## Dataset extract
---------------

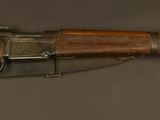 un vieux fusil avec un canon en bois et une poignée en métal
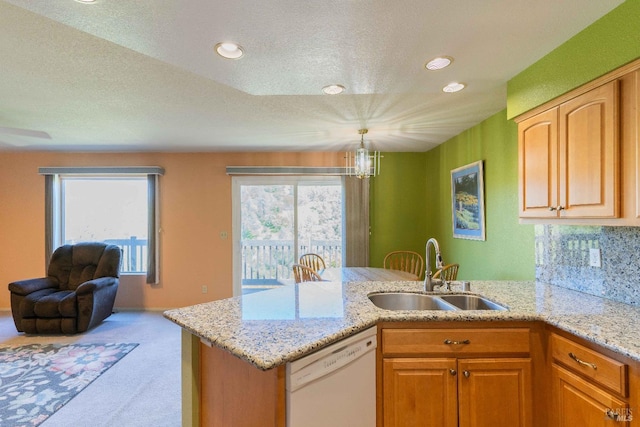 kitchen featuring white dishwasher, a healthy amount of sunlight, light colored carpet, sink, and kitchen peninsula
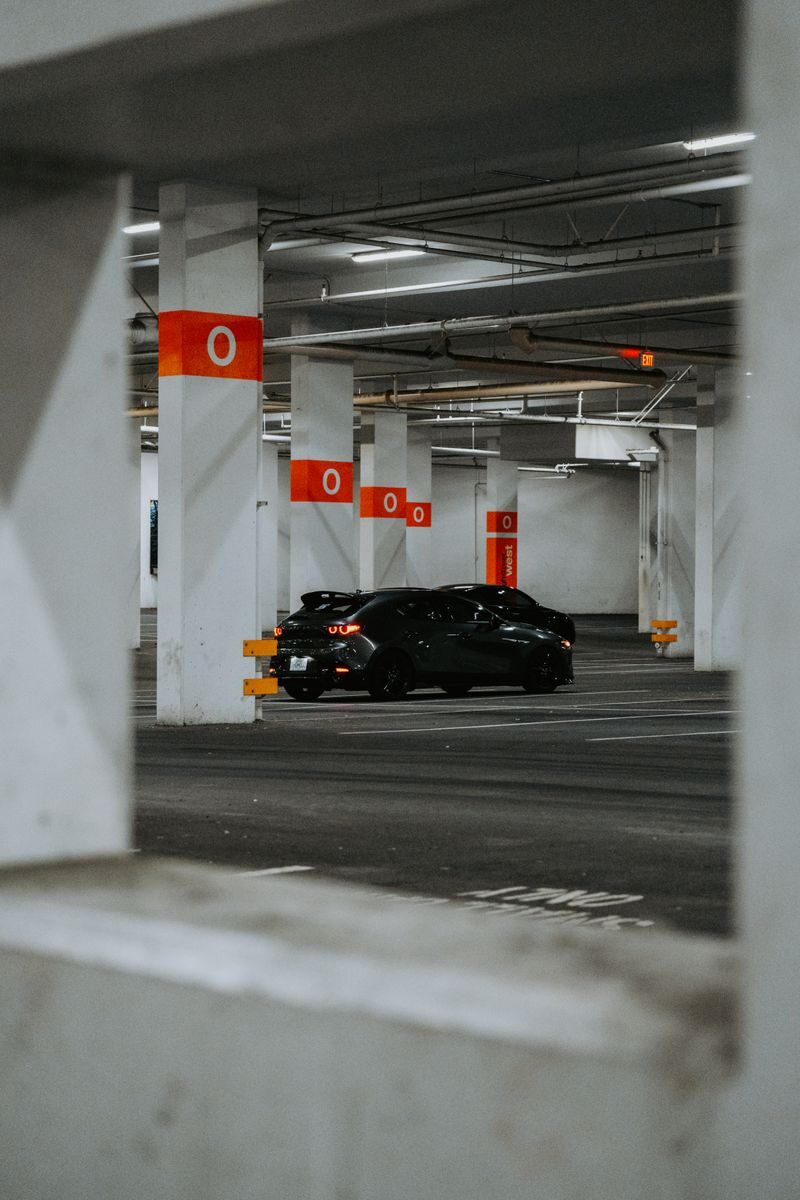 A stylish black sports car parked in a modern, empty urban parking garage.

---------------

From the listing, extract all text exactly as given and drop any picture.

## Response to the task
 un vieux fusil avec un canon en bois et une poignée en métal
 kitchen featuring white dishwasher, a healthy amount of sunlight, light colored carpet, sink, and kitchen peninsula
 A stylish black sports car parked in a modern, empty urban parking garage.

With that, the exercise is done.